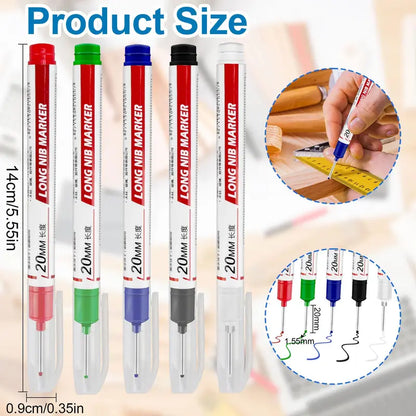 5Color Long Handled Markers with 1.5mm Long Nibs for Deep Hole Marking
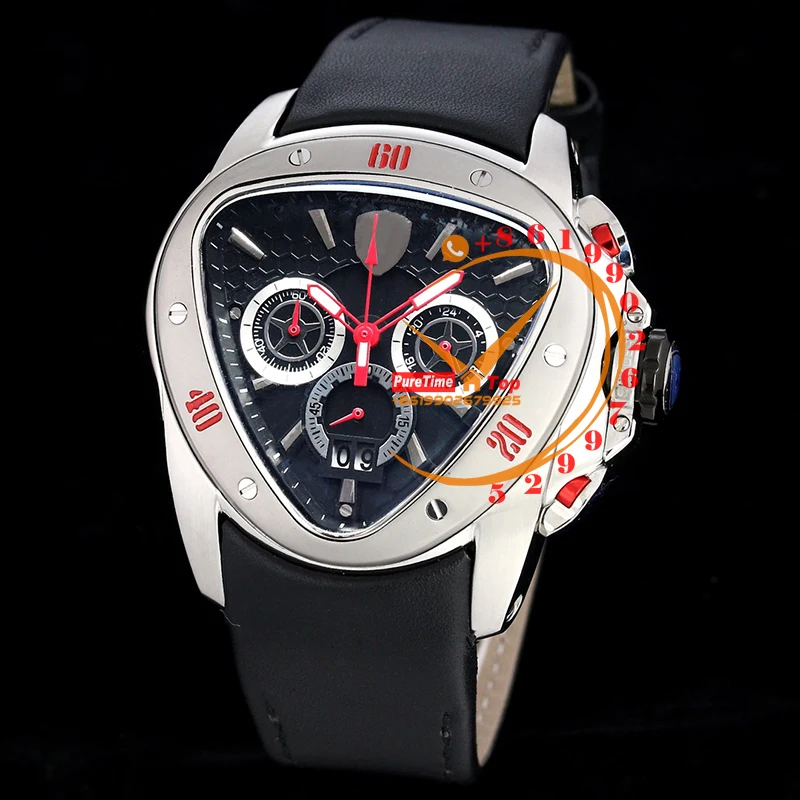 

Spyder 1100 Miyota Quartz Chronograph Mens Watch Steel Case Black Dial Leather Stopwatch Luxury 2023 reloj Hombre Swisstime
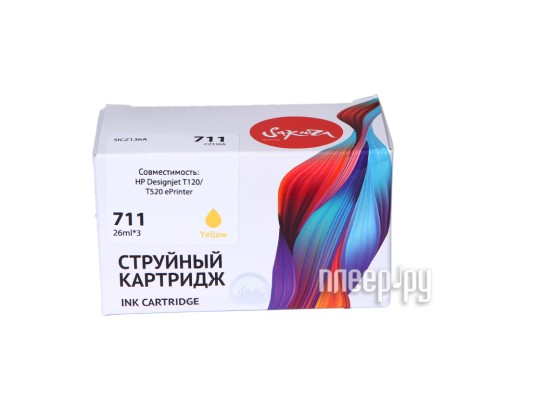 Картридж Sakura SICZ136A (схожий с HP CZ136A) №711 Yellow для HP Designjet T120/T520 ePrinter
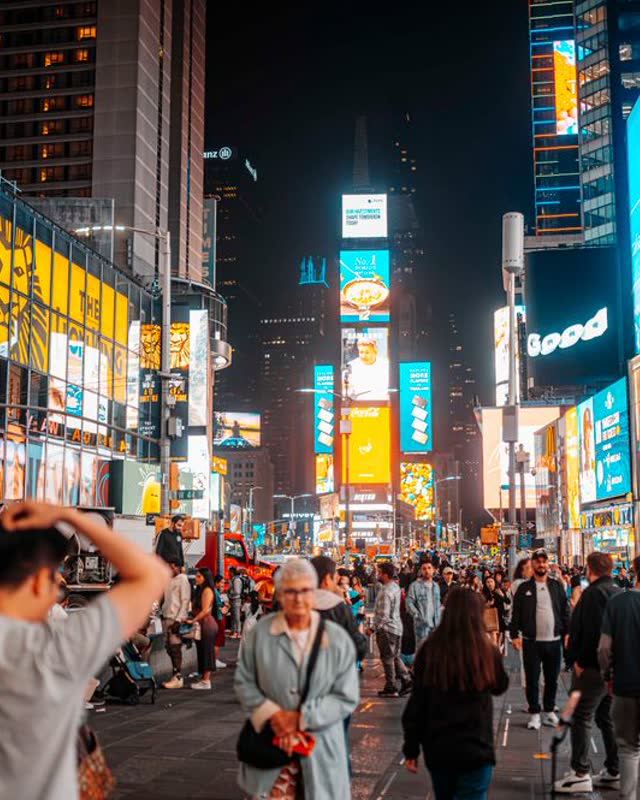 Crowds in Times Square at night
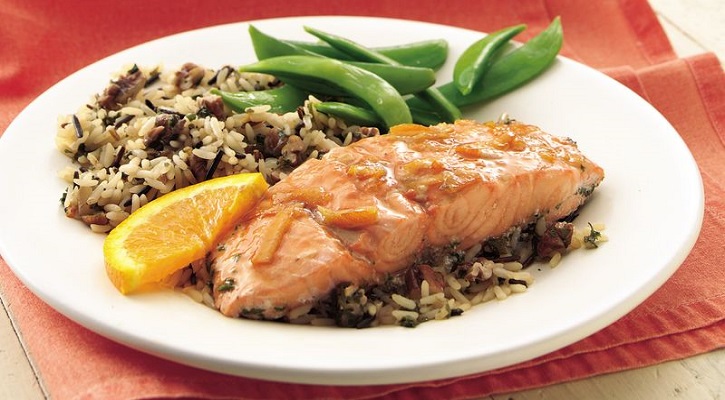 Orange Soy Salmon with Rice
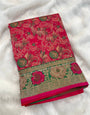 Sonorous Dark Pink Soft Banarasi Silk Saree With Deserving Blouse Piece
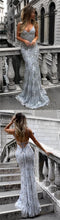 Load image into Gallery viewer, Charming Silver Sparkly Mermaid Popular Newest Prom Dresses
● ● ● ●
▶ **Exercise instructions**: Would you transcribe all of the entries above exactly, minus the images?

▶ **Exercise response**:
 5Color Long Handled Markers with 1.5mm Long Nibs for Deep Hole Marking

Spyder 1100 Miyota Quartz Chronograph Mens Watch Steel Case Black Dial Leather Stopwatch Luxury 2023 reloj Hombre Swisstime
 Картридж Sakura SICZ136A (схожий с HP CZ136A) №711 Yellow для HP Designjet T120/T520 ePrinter
 Crowds in Times Square at night
 Orange Soy Salmon with Rice
 Sonorous Dark Pink Soft Banarasi Silk Saree With Deserving Blouse Piece
 Load image into Gallery viewer, Charming Silver Sparkly Mermaid Popular Newest Prom Dresses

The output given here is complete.